Introduction to Difference-in-Differences#

Difference-in-differences (DiD) is one of the most widely used methods for estimating causal effects from observational data. It has become a cornerstone of empirical research across economics, public health, political science, sociology, and many other fields where randomized experiments are impractical or impossible. The method’s appeal lies in its intuitive logic and relatively mild assumptions compared to alternatives.

The core idea is to compare how outcomes change over time for units that receive a treatment to how outcomes change for units that do not. If both groups would have evolved similarly absent treatment, then any divergence after treatment can be attributed to the treatment itself.

We start with the canonical two-period case to build intuition, then extend to multiple periods and staggered treatment timing.

Notation and Potential Outcomes#

The potential outcomes framework provides precise definitions of causal effects. For unit \(i\) in period \(s\), we define

\(Y_{is}(0)\) — the untreated potential outcome, what unit \(i\) would experience in period \(s\) without treatment
\(Y_{is}(1)\) — the treated potential outcome, what unit \(i\) would experience in period \(s\) with treatment
\(D_i\) — a group membership indicator equal to 1 for treated units and 0 for untreated units

In the canonical two-period setup with periods \(t-1\) and \(t\), no one is treated in the first period, and units in the treated group become treated in the second period. This means observed outcomes are given by

\[Y_{i,t-1} = Y_{i,t-1}(0) \quad \text{and} \quad Y_{it} = D_i Y_{it}(1) + (1-D_i) Y_{it}(0).\]
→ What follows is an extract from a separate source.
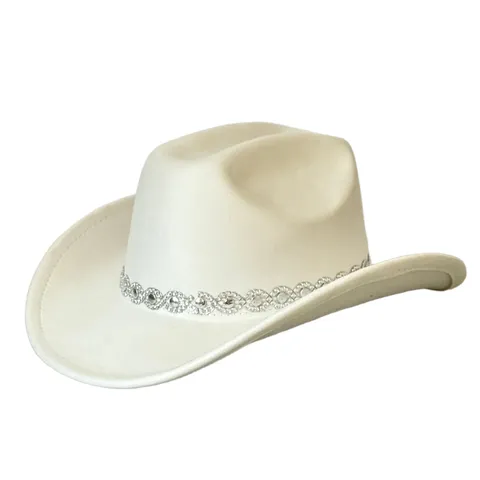 Vintage Polyester Cowboy Hat With Rhinestone Chain Decor Elegant Wide Brim Faux Suede Jazz Party Hat For Adults Fashion Dress Up Accessory
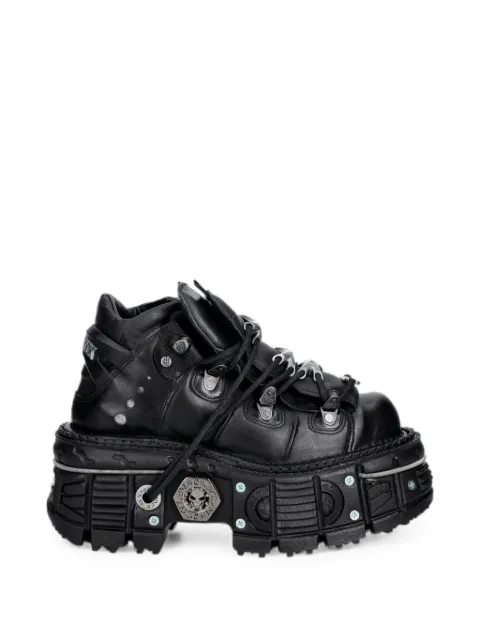NEW ROCK logo-plaque platform sneakers Black MTANK006CS1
In the first period, we observe untreated potential outcomes for everyone since no treatment has occurred yet. There is an implicit no-anticipation assumption here, meaning units do not change their behavior in anticipation of future treatment. In the second period, we observe treated potential outcomes for units that actually participate in the treatment and untreated potential outcomes for units that do not participate.

The Average Treatment Effect on the Treated#

The primary parameter of interest in DiD designs is the Average Treatment Effect on the Treated, or ATT. It is defined as

\[ATT = \mathbb{E}[Y_t(1) - Y_t(0) \mid D=1].\]

This quantity represents the average difference between treated and untreated potential outcomes for units in the treated group. It answers a specific causal question, namely what was the average effect of the treatment on those who actually received it.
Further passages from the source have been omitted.